====== Material supplied ======
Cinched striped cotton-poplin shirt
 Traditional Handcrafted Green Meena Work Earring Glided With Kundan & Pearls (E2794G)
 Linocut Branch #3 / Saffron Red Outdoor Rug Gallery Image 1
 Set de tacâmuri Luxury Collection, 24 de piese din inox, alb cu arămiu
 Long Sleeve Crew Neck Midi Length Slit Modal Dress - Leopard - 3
======
The entries are to be repeated exactly, with nothing altered.

- Answer section:
Cinched striped cotton-poplin shirt
 Traditional Handcrafted Green Meena Work Earring Glided With Kundan & Pearls (E2794G)
 Linocut Branch #3 / Saffron Red Outdoor Rug Gallery Image 1
 Set de tacâmuri Luxury Collection, 24 de piese din inox, alb cu arămiu
 Long Sleeve Crew Neck Midi Length Slit Modal Dress - Leopard - 3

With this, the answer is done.